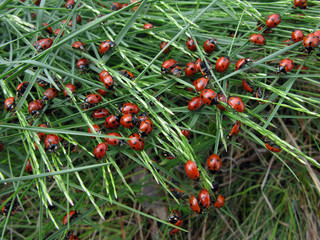 Colony insects ladybug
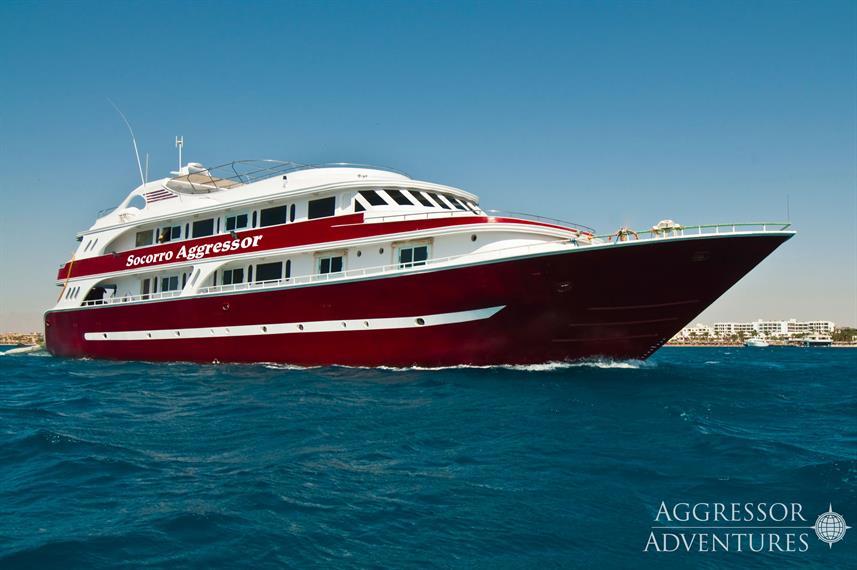 Best Liveaboards Dive Trips in Mexico6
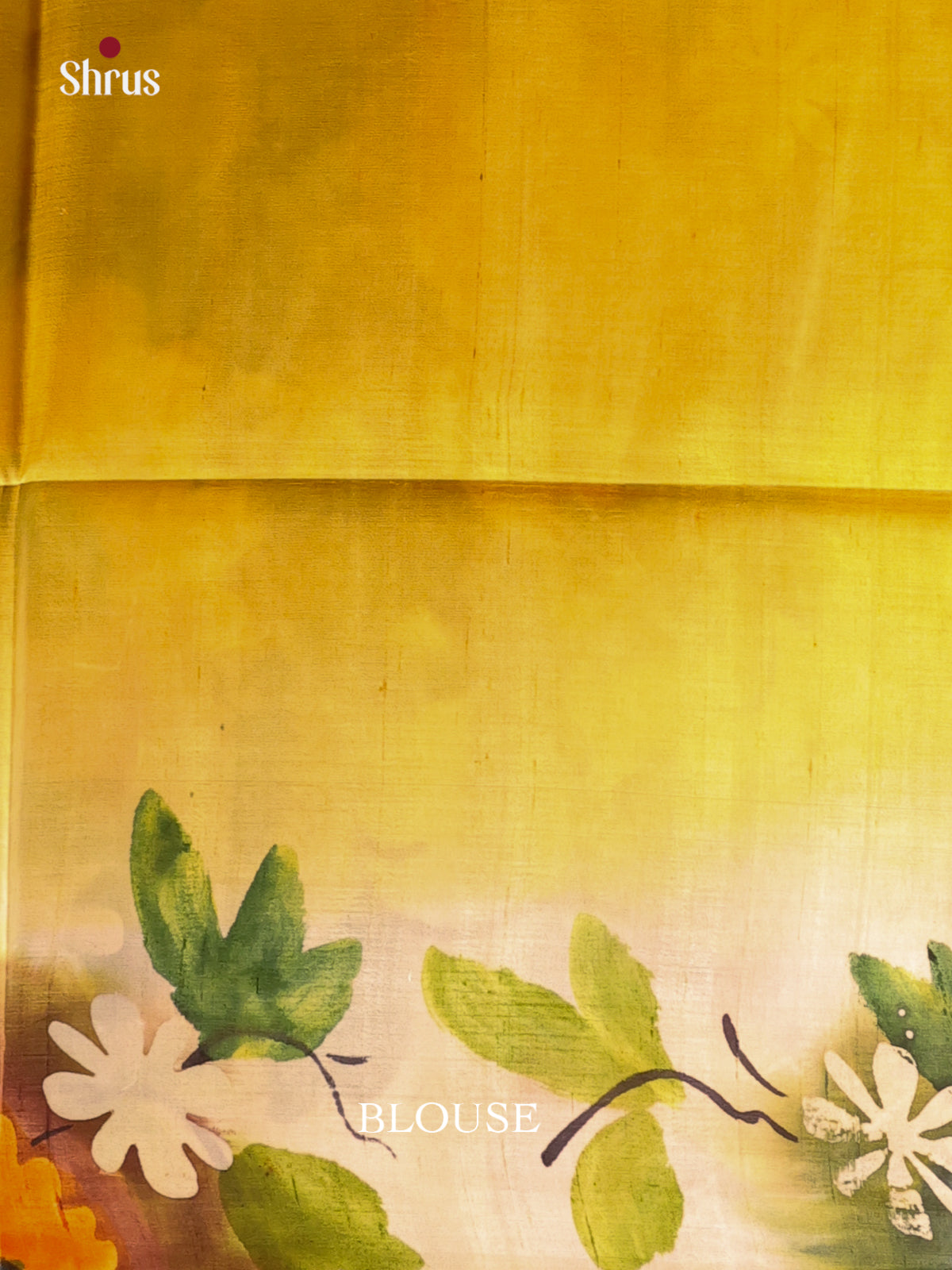 Yellow & Cream- Murshidabad Silk Saree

■ **WHAT THE TASK ASKS**
The output is to be the material in full and unaltered, with pictures omitted.

■ **EXPECTED OUTPUT**
 Colony insects ladybug
 Best Liveaboards Dive Trips in Mexico6
 Yellow & Cream- Murshidabad Silk Saree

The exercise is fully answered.